Keywords

1 Introduction

The distributed load balancing problem is defined when there is an undirected network (graph) of computers (nodes), each one assigned a non-negative working load, and they like to balance their loads. If nodes u and v are connected by an edge, then any part of the load of u may be transferred over that edge from u to v, and similarly from v to u. The information at the nodes is local, and the only way to get more knowledge on the graph is by communicating with its neighbors. The application and scope include grid computing, clusters, and clouds.

The accepted global measure for the deviation of a current state from being balanced is its discrepancy, defined as \(K=L_{max}-L_{min}\), where \(L_{max}\) (\(L_{min}\)) is the currently maximum (minimum) node load in the graph. An alternative, local way to measure the deviation is the maximal difference of loads between neighboring nodes: a state is \(\epsilon \)-Balanced if that difference is at most \(\epsilon \). In the discrete problem setting, all loads and thus also all transfer amounts should be integers; in the continuous one, transfer amounts are arbitrary. In this paper, we concentrate on deterministic algorithms solving the problem in a worst case time polynomial in the global input size, that is in the number n of graph nodes and in the logarithm of the maximal load (though we deviate from polynomiality for the asynchronous model).

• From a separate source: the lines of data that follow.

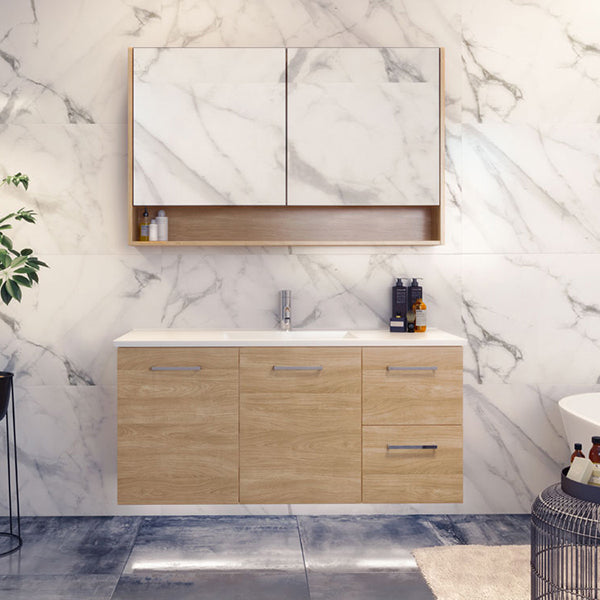 Timberline Nevada wall hung vanity in Tasmanian oak with white Regal acrylic top, basin and chrome handles in bathroom setting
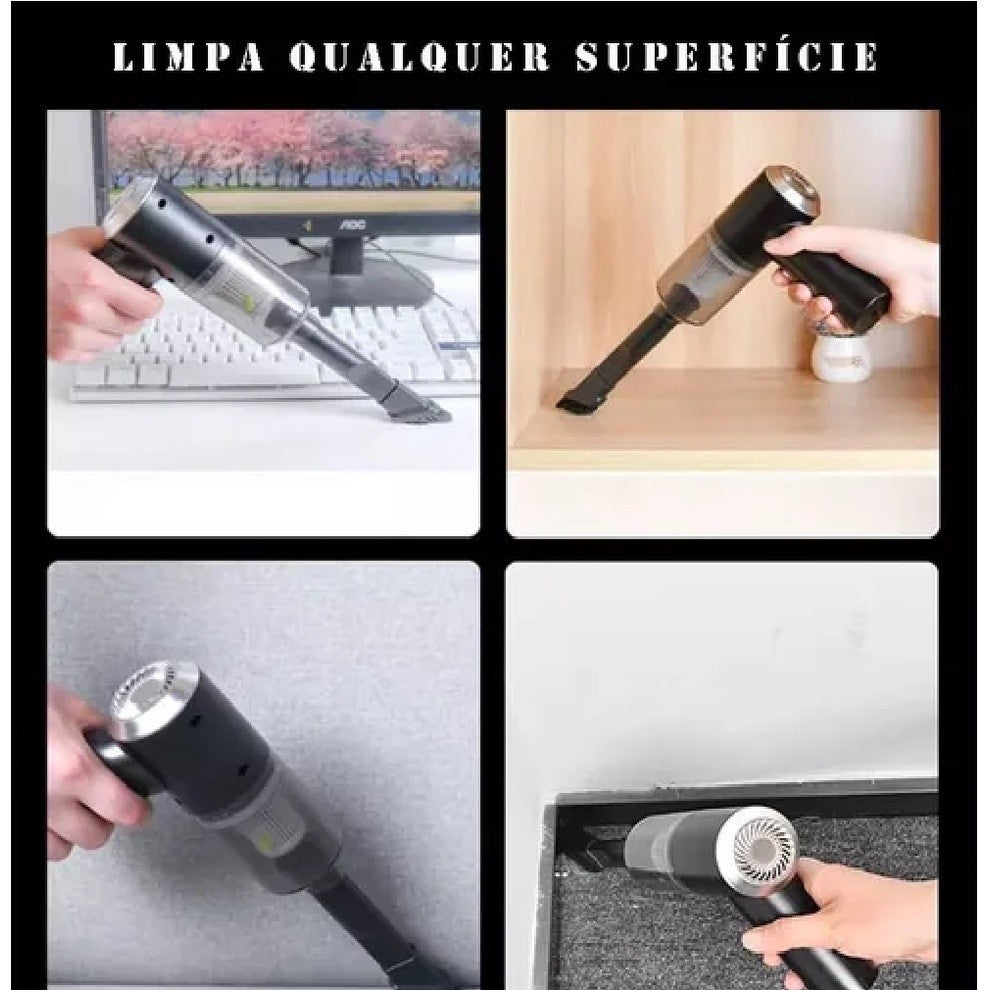 Mini Aspirador de Pó Portátil 3 em 1 Casa, Carro e Escritório
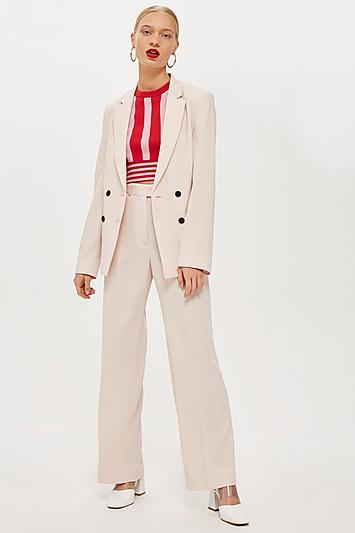 Topshop Blush Slouch Suit Trousers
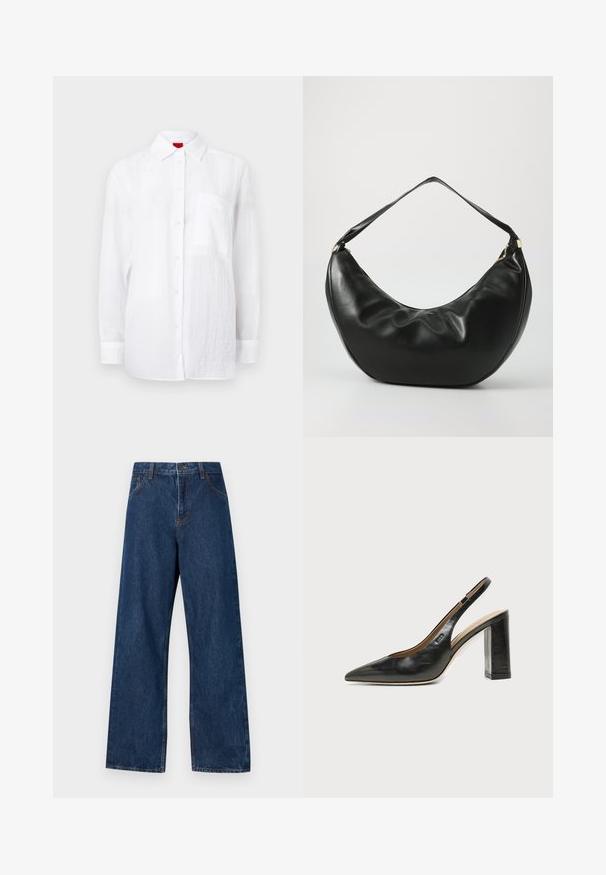 Chemise blanche à manches longues en tissu léger, avec un devant à boutons, un col et une poche poitrine sur le côté gauche. Fini texturé subtil.; Jean large en denim bleu foncé avec un design classique à cinq poches. Présente des coutures contrastées et une fermeture par bouton à l'avant.; Chaussure slingback en cuir noir à bout pointu avec un talon bloc haut et une doublure intérieure beige sur un fond clair uni.; Sac à épaule en cuir noir, de forme courbée, avec une texture douce et une seule sangle; il comporte une fermeture éclair dorée et un logo discret.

The research on the load balancing problem began from the papers of Cybenko [4] and Boillat [3]. Both are based on the concept of diffusion: at any synchronized round, every node divides its load equally among its neighbors and itself. As a rule, the case of d-regular graphs is considered; only laconic remarks on a possibility to generalize the results to the case of general graphs appear in the literature. Markov chains and ergodic theory are used for deriving the rate of convergence. In the discrete setting, diffusion methods require rounding of every transferred amount, which makes the analysis harder; Rabani et al. [9] made a substantial advancement in that direction; their the time bound for reaching the discrepancy of \(\epsilon \) in the worst case is \(O\left( \frac{\ln (Kn^2/\epsilon )}{(1-\lambda )}\right) \), where \(\lambda \) is the second largest eigen-value of the diffusion matrix. The diffusion approach is popular in the literature. The alternative methods are mathching (see, e.g., [10]) and balancing circuits (see, e.g., [2, 9]). For the discrete setting and the considered computational model, all those approaches do not achieve neither a constant final discrepancy, nor a constant-balanced state. Many suggested algorithms cannot be stopped at any time, since intermediate solutions either might include negative node loads, or might be worse than previous ones. Almost all papers on load balancing use the synchronous distributed model. The only theoretically based approach suggested for asynchronous distributed setting is turning it to synchronous by appropriately enlarging the time unit, see e.g., [1].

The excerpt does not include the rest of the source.